Nice interview. Listened while I folded and put away laundry, glamerous I know.
New York Times, LA TIMES, Chicago Tribune ect Amy, get as much exposure as you can. And it would be helpful for CNMs if you would question WHY this has been allowed to go with the leadership of the ACNM being aware of all the deaths, ie prosecutions of midwives 300 were counted by the associated press between the years 1982-1992 that resided over either a mortality and or a morbidly by reviewing court documents, and 75 midwives WERE indicted in Texas on birth certificate fraud by selling fake certificates to Mexican immigrants.
And all the studies by ACOG that show increase in mortality rates at homebirths attended by non nurse midwives, and all the deaths that you have exposed. Not to mention all the blogs and website by the poor consumers who share a wealth of qualitative data describing relational trauma “the midwife spell” that so eloquently describes PTSD after being exploited by a perpetrator.
I thank you Amy for all your work and for your ability to stand up to the injustice that is currently occurring within midwifery. I myself am leaving the profession because of the corruption but plan to continue active in the fight to expose this everyway that I can. However, you are the leader and expert and midwifery needs you right now to be as LOUD WITH AS MANY AS POSSIBLE.
CURRENTLY IT IS CRITICAL BECAUSE OTHERS WILL BE MANIPULATED INTO BELEIVING THE ARTICLE IS ABSOLUTE, THUS, INNOCENT MIDWIVES WITHIN THE COLLEGE ARE HAVING THEIR REALITY DISTORTED BY ACNM LEADERS ALSO. THIS IS OCCURING IN ORDER TO FEED OTHERS PERSONAL GAIN. THE HOMEBIRTH LIST SERVE WITHIN THE COLLEGE IS ACCOMPLISHING THIS AS WE SPEAK DISCOUNTING YOU AND ABUSIVLY LEADING OTHERS THROUGH EXPLOITING THEM EMOTIONALLY. I AM NOT ON THIS LISTSERVE I WAS JUST INFORMED OF THIS YESTERDAY BY ANOTHER MEMBER.
Science & Sensibility: postpartum psychosis is caused by eating too much processed food and can by fixed with B12 injections.
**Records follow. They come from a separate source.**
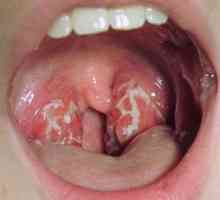 Streptokoke u grlu: simptomi, uzroci i liječenje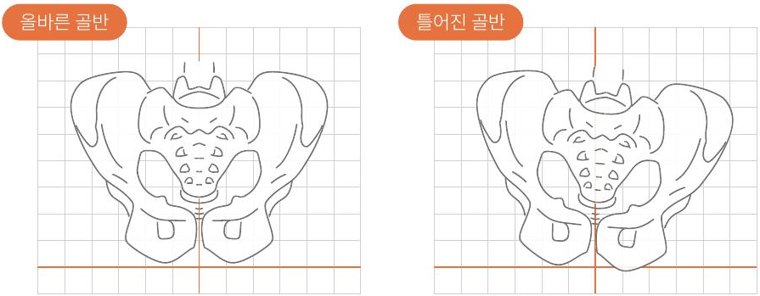 올바른 골반과 틀어진 골반 비교 그림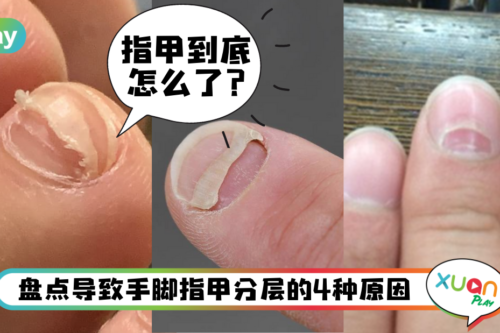 健康｜指甲出现分层是怎么一回事？爱运动的人也常中招？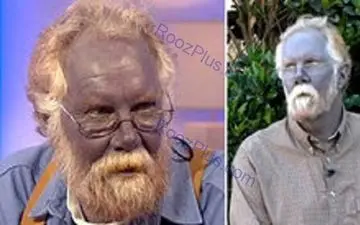 خانواده ای عجیب با رنگ پوست آبی! 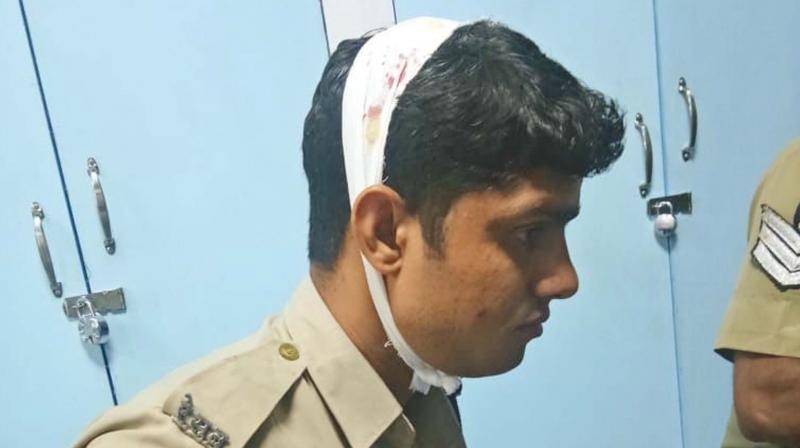 RPF constable Yogesh Kumar Meena who was kinifedby a cellphone snatcher, is under treatment. (Photo: DC) RPF constable Yogesh Kumar Meena who was kinifedby a cellphone snatcher, is under treatment. (Photo: DC)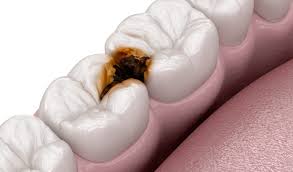 Black stuff on teeth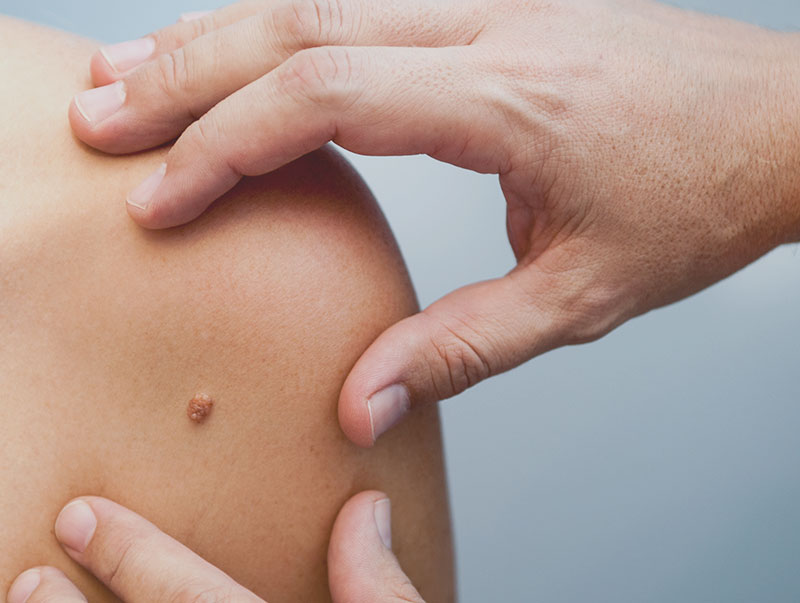 Maladies de la peau et du cuir chevelu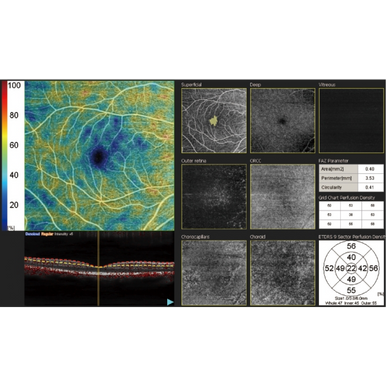 Optical Coherence Tomography / Fundus Camera Retina Scan Duo™2 Angio scan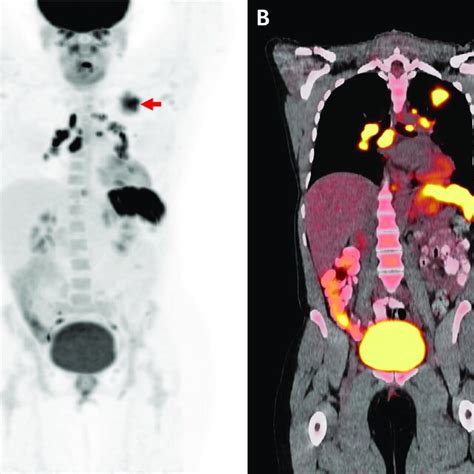 Impact Of F Fdg Pet Ct On Diagnostic Management Mip Pet A And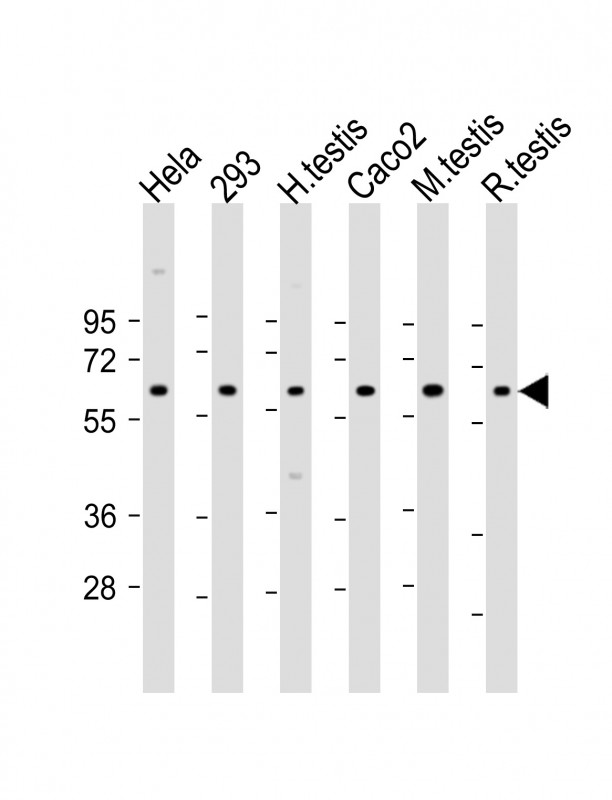 SLC2A8 / GLUT8 Antibody - All lanes: Anti-SLC2A8 Antibody (Center) at 1:2000 dilution Lane 1: Hela whole cell lysate Lane 2: 293 whole cell lysate Lane 3: human testis lysate Lane 4: Caco2 whole cell lysate Lane 5: mouse testis lysate Lane 6: rat testis lysate Lysates/proteins at 20 µg per lane. Secondary Goat Anti-Rabbit IgG, (H+L), Peroxidase conjugated at 1/10000 dilution. Predicted band size: 51 kDa Blocking/Dilution buffer: 5% NFDM/TBST.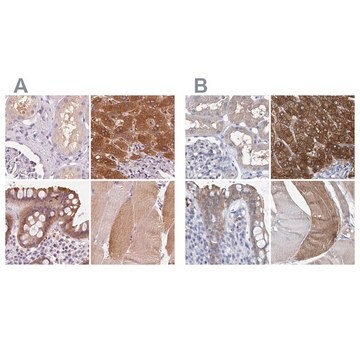 Anti-UGP2 antibody produced in rabbit Prestige Antibodies&#174; Powered by Atlas Antibodies, affinity isolated antibody, buffered aqueous glycerol solution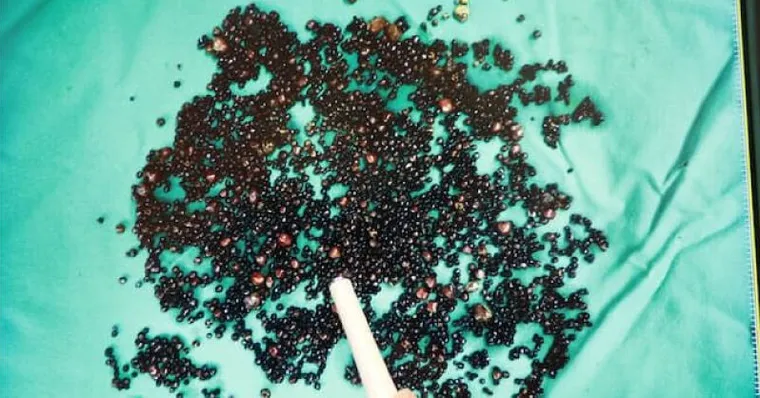 愛吃2種食物，他43歲長5千顆膽結石！上腹痛小心4種器官病變警訊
Also, Prozac contains fluoride and we all know how evil and toxic that is. http://www.scienceandsensibility.org/?p=7942
Um…what? B12 injections don’t fix any psychosis not caused by B12 deficiency and prozac is fluoxetine (not fluoride) HCl.
Talk about a big, basic chemistry FAIL! It should be an internet law that if you confuse “fluoride”, aka the compound HCl, with the element fluorine (whose atoms are part of many useful everyday products, including NaCl, best known as table salt), nothing you write about science, health or medicine is to be ever taken seriously again.
C’mon, 7/8 letters isn’t bad, is it?
I blame the English language 😉
In French, Spanish or German, the words have more than one letter difference.
But HCl is hydrogen chloride, not fluoride.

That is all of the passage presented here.